12. Craig’s Brother “Homecoming” [Tooth & Nail]

This melodic punk band from California came out of nowhere and released one of my favorite punk rock albums back in 1998 called “Homecoming”. Although “Lost at Sea” was the better album of the two T&N releases, this one was released in the 90’s and is still an essential punk rock album. Ted Bond channeled Joey Cape (Lagwagon) a little but they were a league all their own. The band’s socially conscious, heart on the sleeve brand of punk was unlike a lot of stuff out there and especially in Christian music. The band still continues to write awesome tunes as was evidenced on their last album “The Insidious Lie”. Ted Bond is quite the songwriter and his lyrics reflect not only his Faith but also a certain frustration with the world and Christianity at large. When Adam and Andy (Too Bad Eugene) were in the band, it was a tight group of musicians and they as whole created this masterpiece.

13. Living Sacrifice “Reborn” [Solid State Records]

Another T&N associated release but upon listening you’ll know why it was ranked on my list. This band released a few prior albums with DJ on vocals and on REX Records but I feel that it wasn’t until this release that the band reached their stride. They introduced a groove oriented brand of Metalcore that can only be called revolutionary. This and “Hammering Process” are still such incredible releases that continue to impact listeners around the globe. The band’s last two albums “Ghost Thief” and “The Infinite Order” are further proof of this band’s magical songwriting technique and the power in their music delivery.

14. Bloomsday “The Day the Colors Died”

This is another one of those out of print releases that is not available digitally yet made an impact in my life. Bloomsday created moody, melancholy alt-rock with heart. They were ahead of their peers yet totally unheard of outside of a couple of us rabid music fans.
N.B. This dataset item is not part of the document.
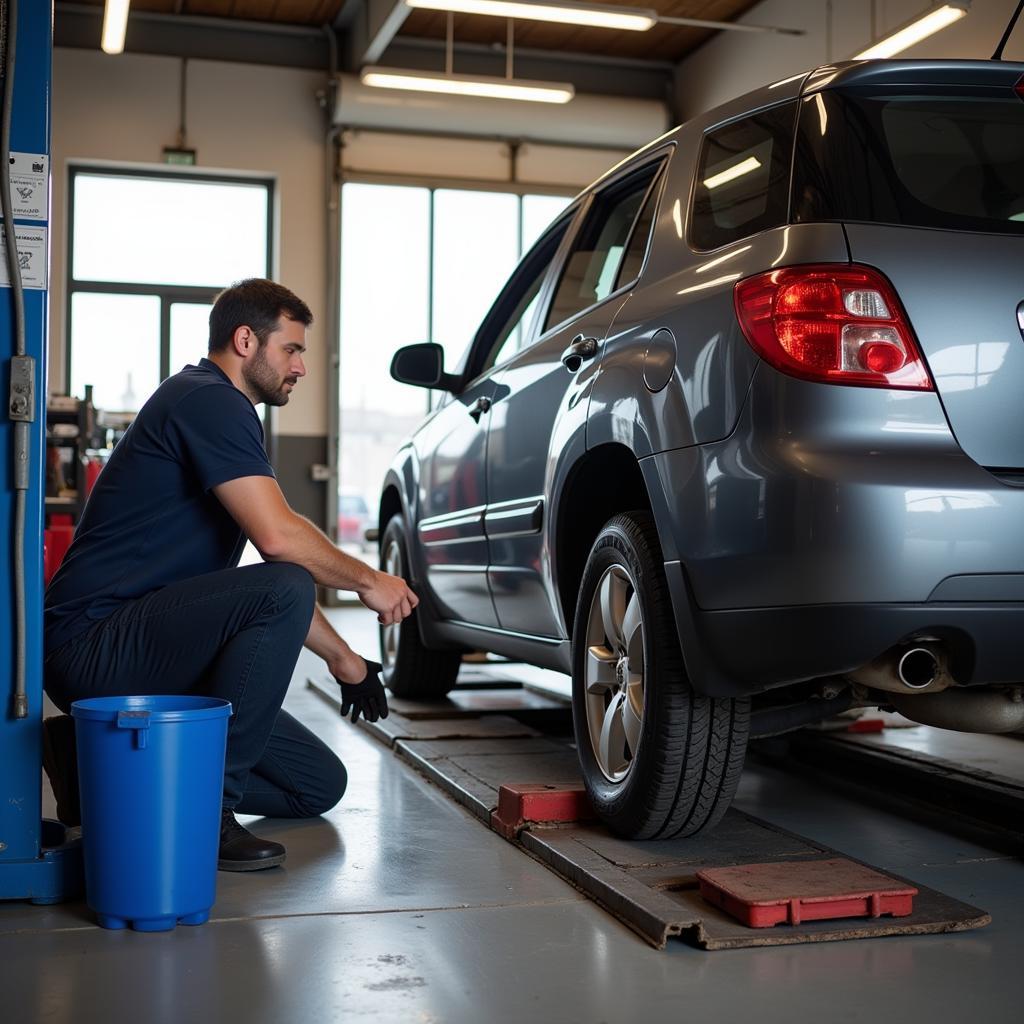 Car Undergoing Routine Maintenance in Bottineau, ND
I still remember catching them with Rasberry Jam and Driver Eight at a Church here in OC with like 20-30 people in attendance. I was captivated by the band and their sound. Although they released one final ep on Velvet Blue, they just never shared the same success as other bands playing at the time. Maybe it was because they weren’t punk rock and/or hardcore? Who knows but the level of quality on this album is without a doubt superb.

15. Dogwood “More Than Conquerors” [Tooth & Nail]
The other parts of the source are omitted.